### Problem:
The answer must consist solely of the lines below starting at the one containing "Колесный тормозной цилиндр" and ending at the one containing "La gestion des", repeated exactly, with both ends included and all pictures omitted.

### Records provided:
+ + + + + + +

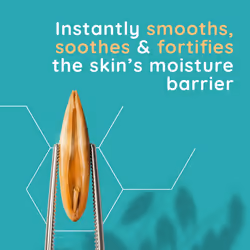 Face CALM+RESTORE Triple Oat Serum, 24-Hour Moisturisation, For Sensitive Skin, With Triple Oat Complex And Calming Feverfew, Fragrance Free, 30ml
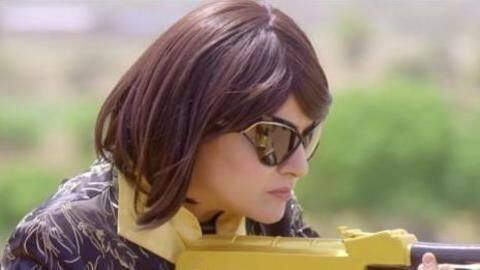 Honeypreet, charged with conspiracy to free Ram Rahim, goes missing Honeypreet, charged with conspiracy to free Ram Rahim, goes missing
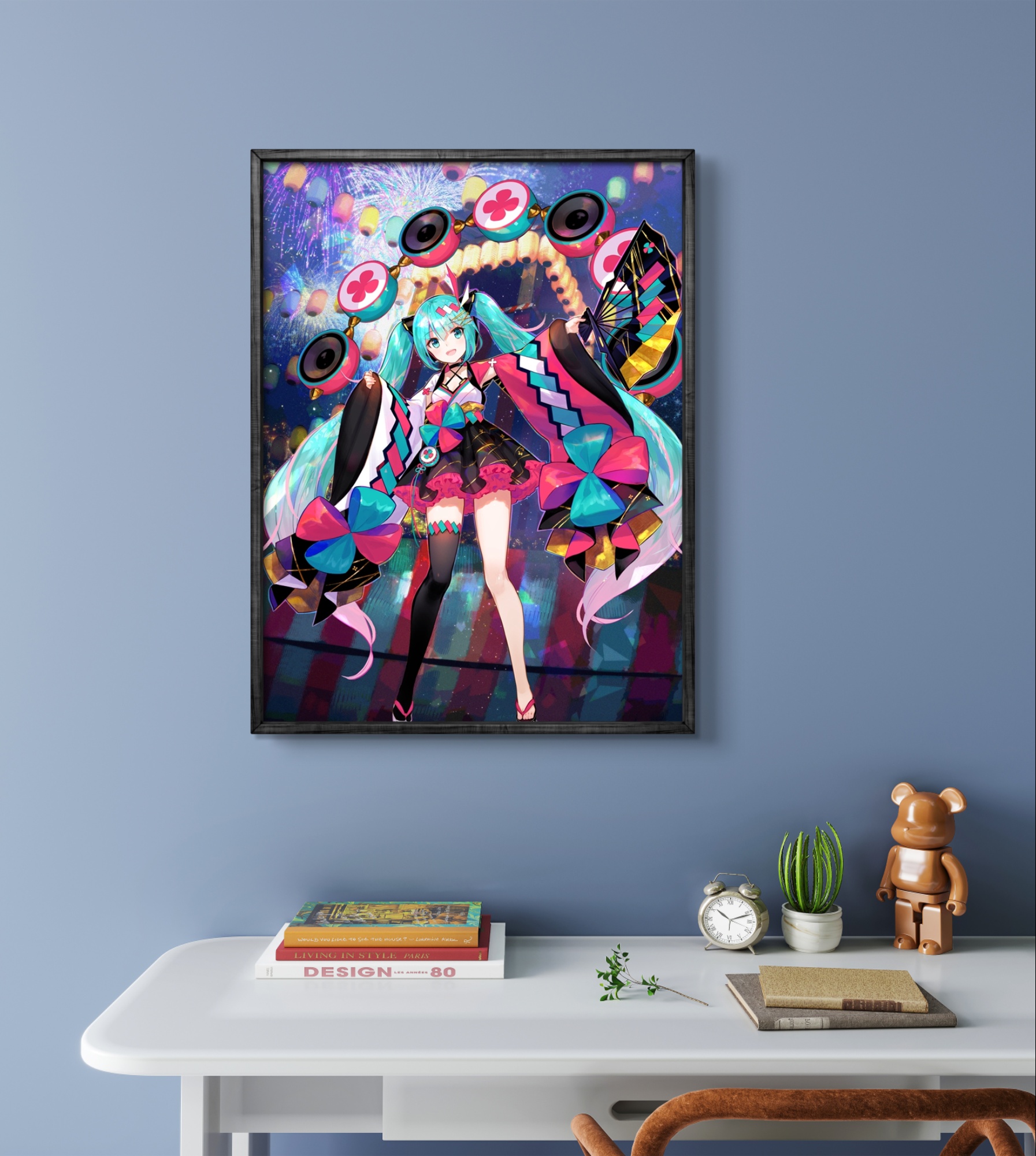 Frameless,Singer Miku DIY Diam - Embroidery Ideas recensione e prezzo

+ + + + + + +

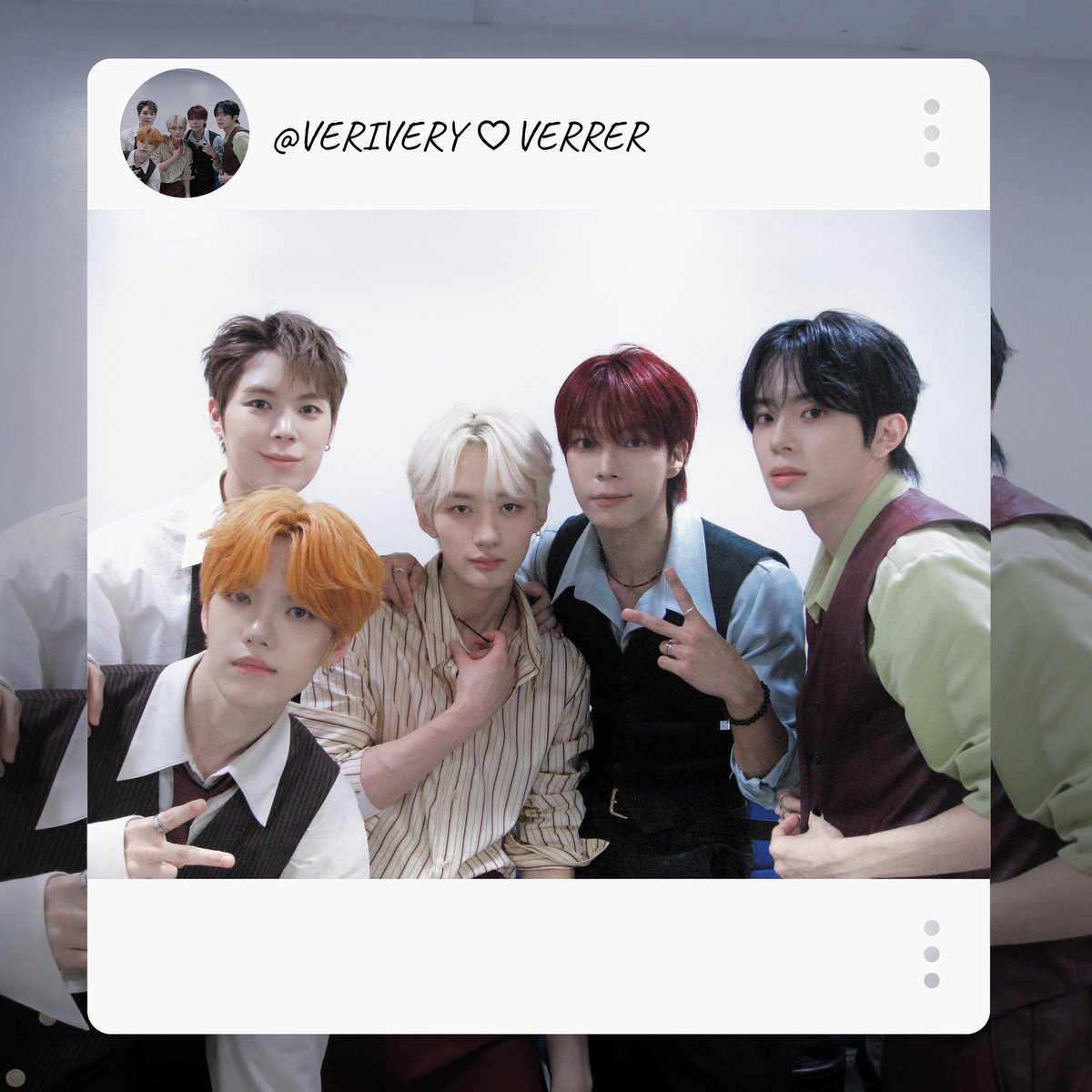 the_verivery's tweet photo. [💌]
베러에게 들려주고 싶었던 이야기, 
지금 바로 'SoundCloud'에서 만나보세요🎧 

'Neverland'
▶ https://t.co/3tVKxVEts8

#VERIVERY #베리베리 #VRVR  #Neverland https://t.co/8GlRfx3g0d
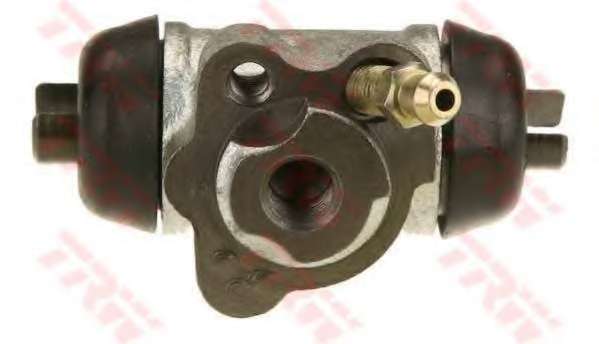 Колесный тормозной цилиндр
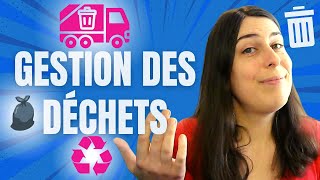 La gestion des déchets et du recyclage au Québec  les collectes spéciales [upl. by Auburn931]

+ + + + + + +

### Answer box:
 Колесный тормозной цилиндр
 La gestion des déchets et du recyclage au Québec  les collectes spéciales [upl. by Auburn931]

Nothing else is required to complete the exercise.